::: GIVEN INFORMATION
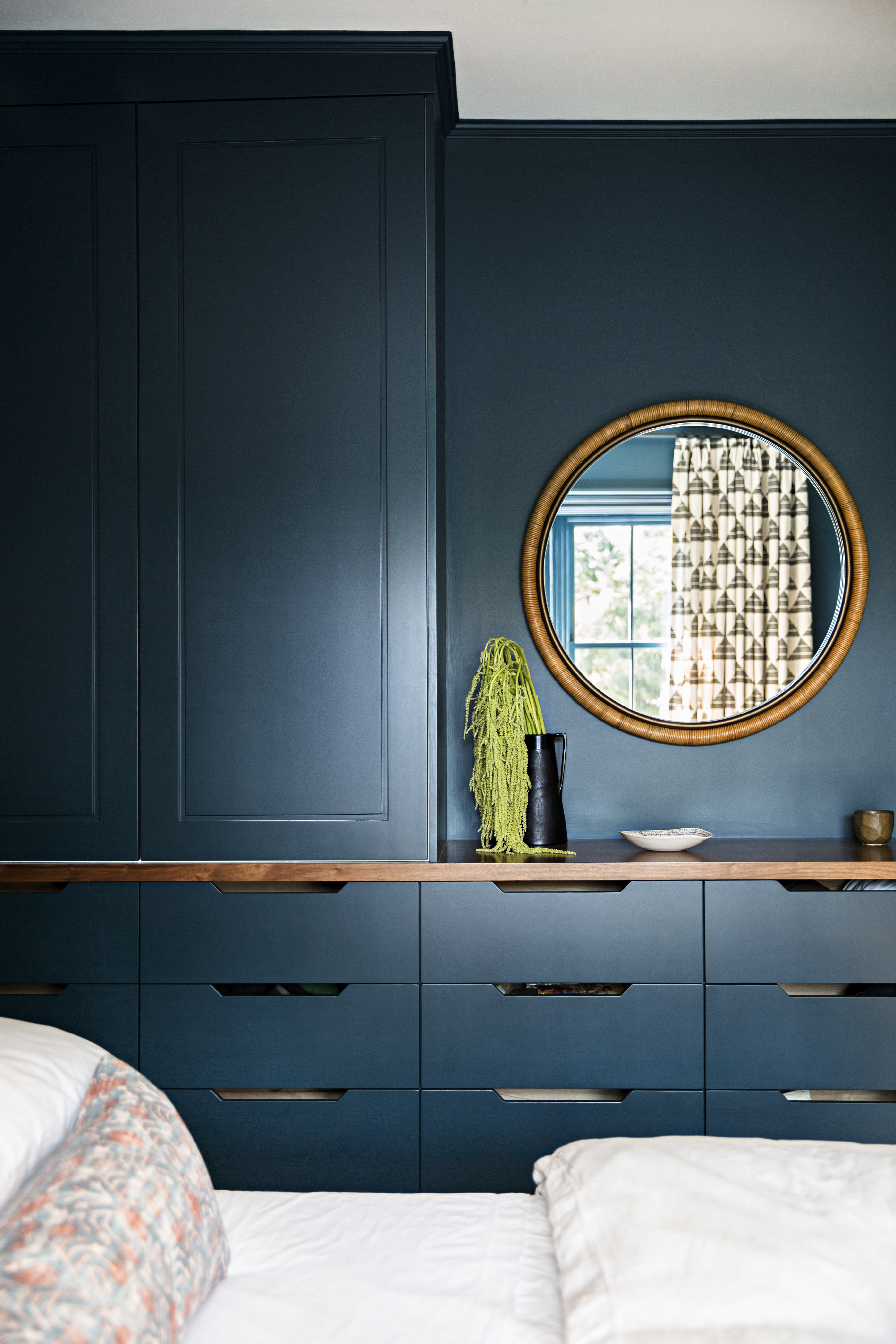A wicker-wrapped framed mirror from Pottery Barn matches the walnut top of new built-in cabinetry.
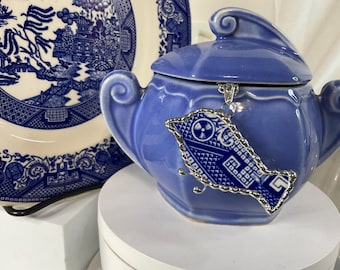 May include: A blue ceramic sugar bowl with a lid, featuring a decorative silver-toned pendant. The pendant has a blue and white design. A blue and white plate is in the background.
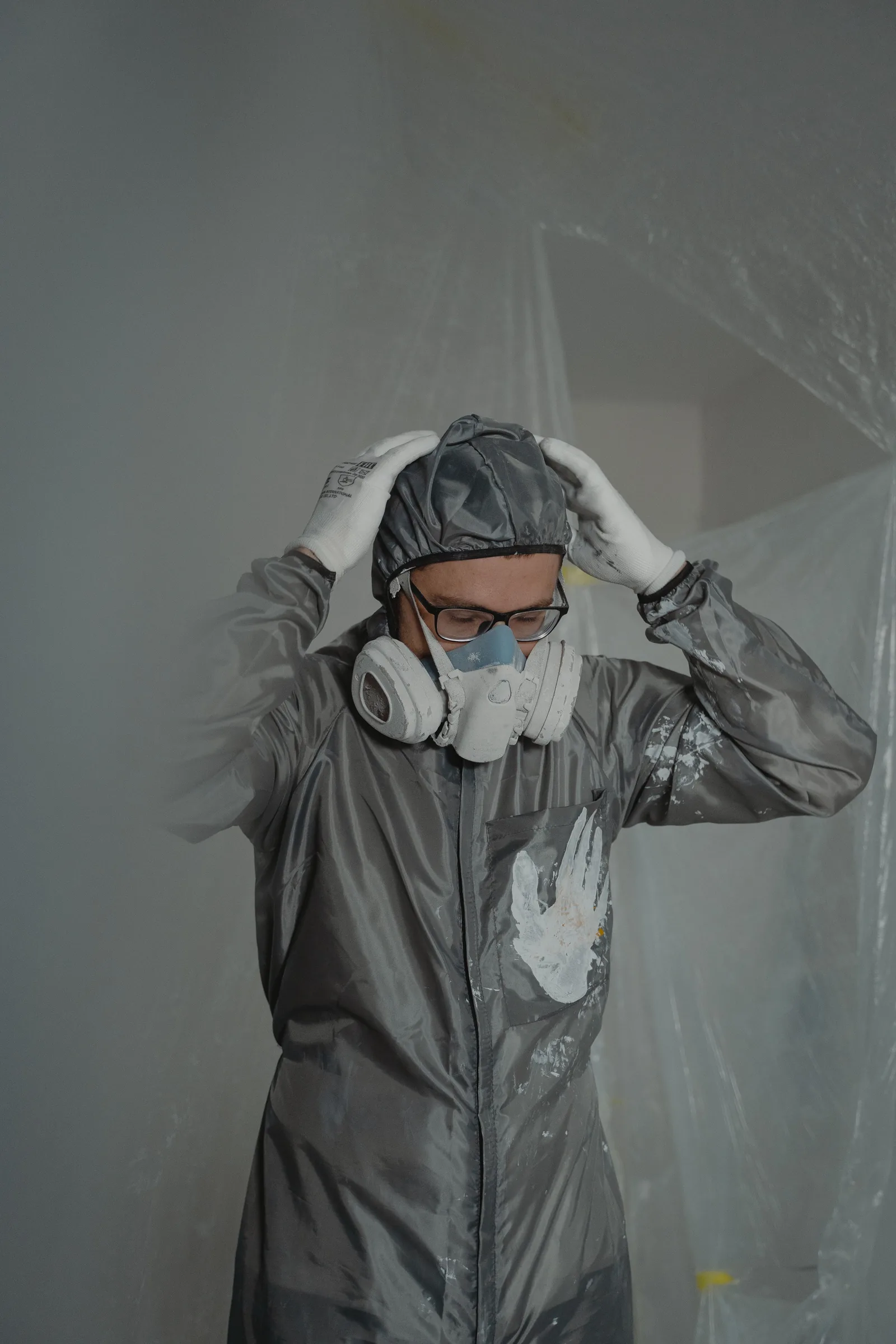 Technician in full protective coveralls and respirator inside a sealed plastic containment barrier during a mold remediation job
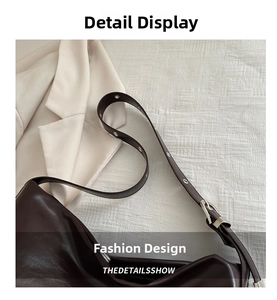 Detail view of large brown shoulder bag with silver buckles and polished leather surface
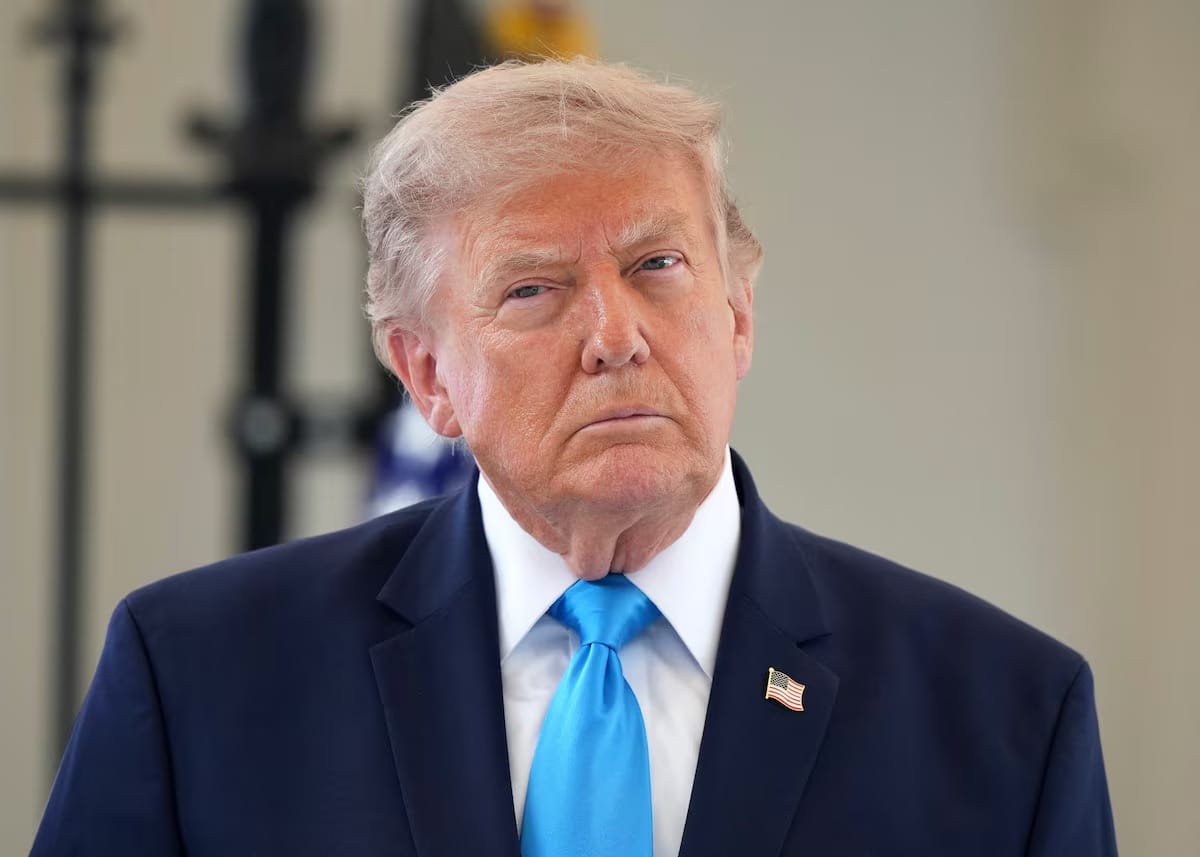 Donald Trump, de terno azul-marinho e gravata azul-clara, com expressão séria, ao ar livre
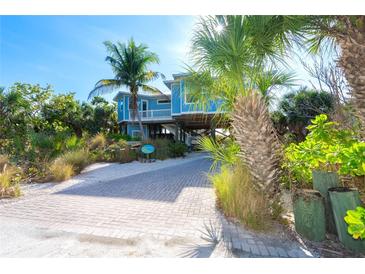 Elevated waterfront home with a light blue exterior, palm trees, and a paved driveway at 431 Kettle Harbor Dr, Placida, FL 33946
::::::
* _WHAT IS EXPECTED_: Reproduce verbatim every line starting at the line that holds "Donald Trump, de" and ending with the final line of the data; omit the pictures.

* _ANSWER FOR THE TASK_:
 Donald Trump, de terno azul-marinho e gravata azul-clara, com expressão séria, ao ar livre
 Elevated waterfront home with a light blue exterior, palm trees, and a paved driveway at 431 Kettle Harbor Dr, Placida, FL 33946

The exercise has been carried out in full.